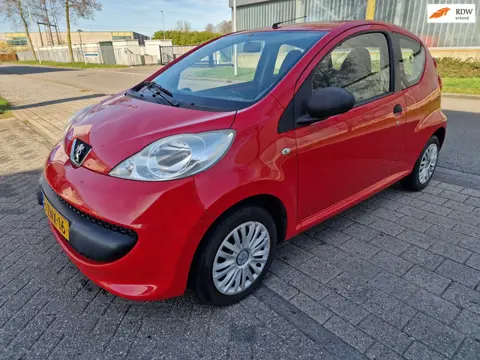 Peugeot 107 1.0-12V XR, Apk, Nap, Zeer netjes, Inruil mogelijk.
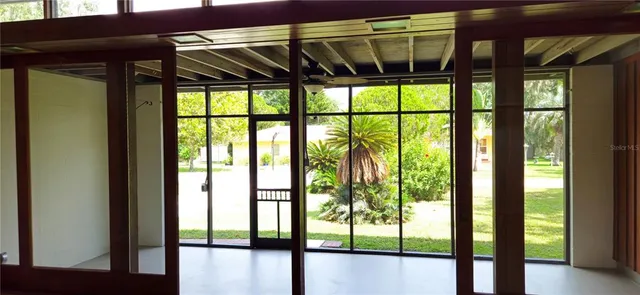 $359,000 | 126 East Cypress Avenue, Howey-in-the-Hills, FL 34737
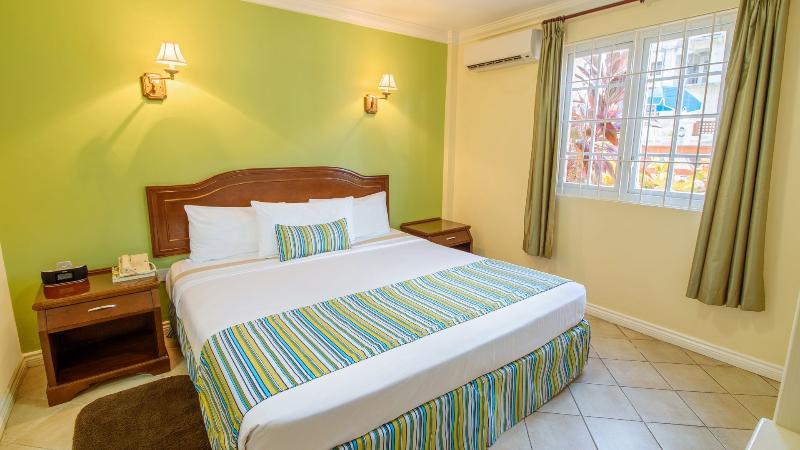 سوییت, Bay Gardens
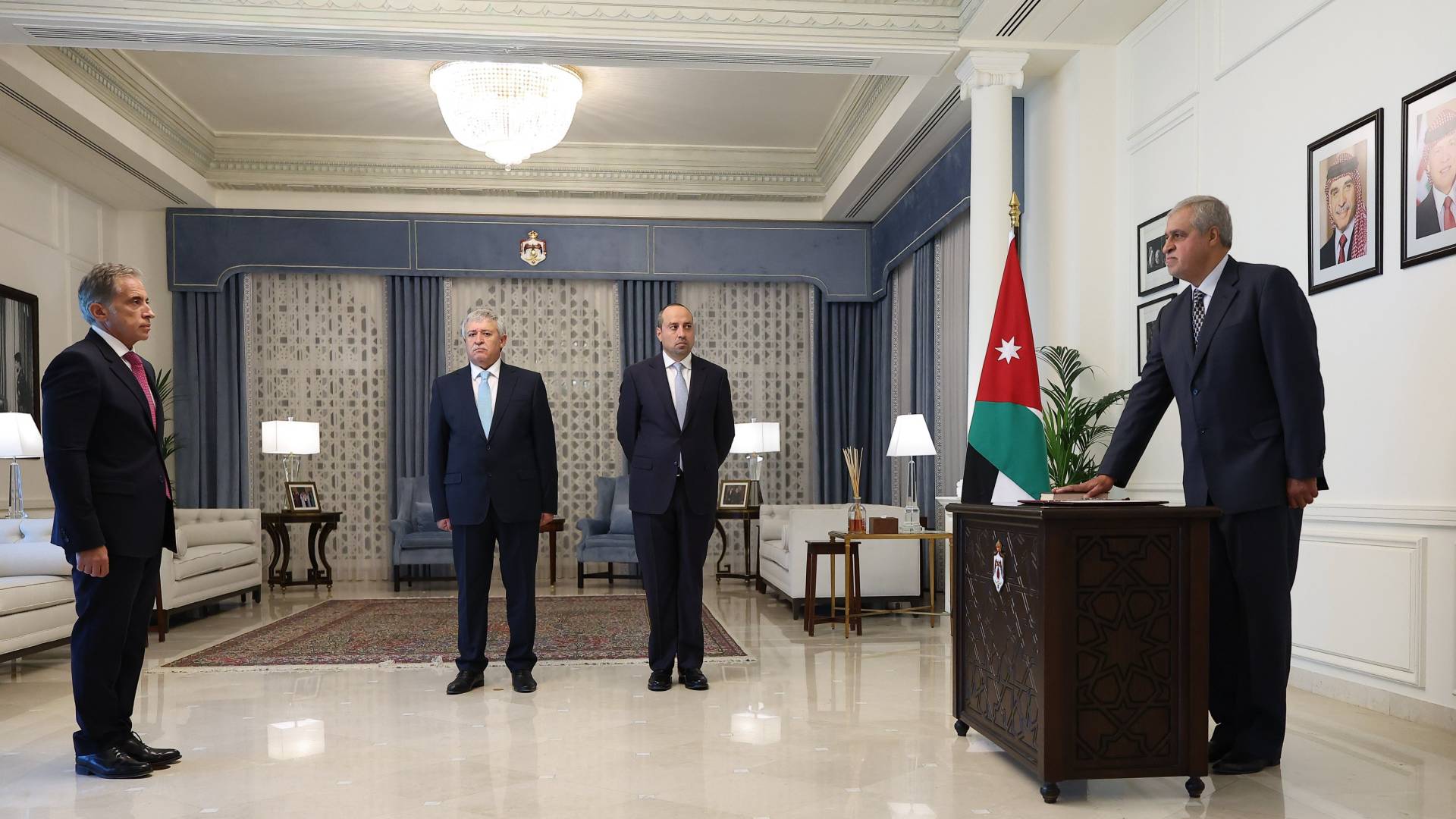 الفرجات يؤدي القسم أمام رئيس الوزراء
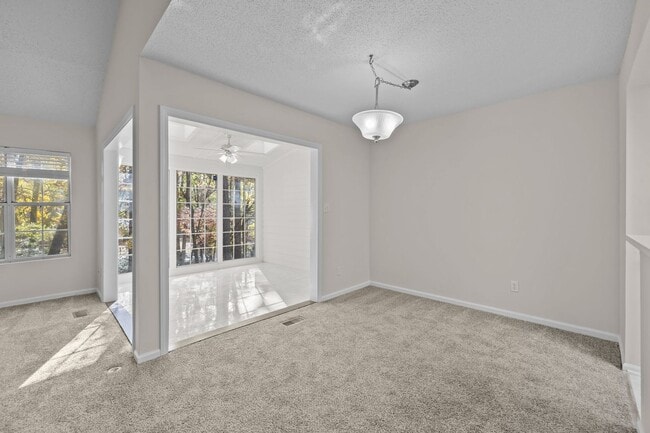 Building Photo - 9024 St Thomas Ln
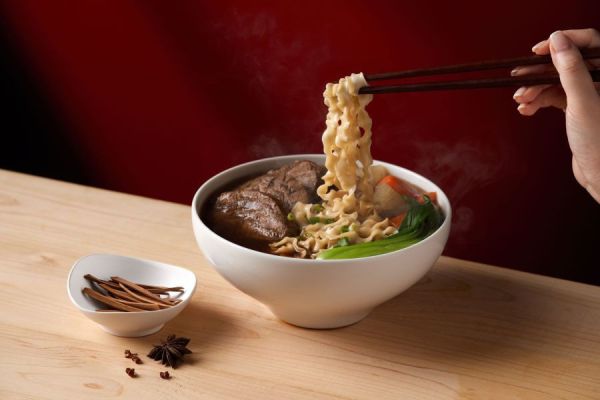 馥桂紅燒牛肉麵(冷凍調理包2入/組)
◇ ◇ ◇ ◇
What to work on: The material above must be printed exactly, with its pictures left out.

Written reply:
 Peugeot 107 1.0-12V XR, Apk, Nap, Zeer netjes, Inruil mogelijk.
 $359,000 | 126 East Cypress Avenue, Howey-in-the-Hills, FL 34737
 سوییت, Bay Gardens
 الفرجات يؤدي القسم أمام رئيس الوزراء
 Building Photo - 9024 St Thomas Ln
 馥桂紅燒牛肉麵(冷凍調理包2入/組)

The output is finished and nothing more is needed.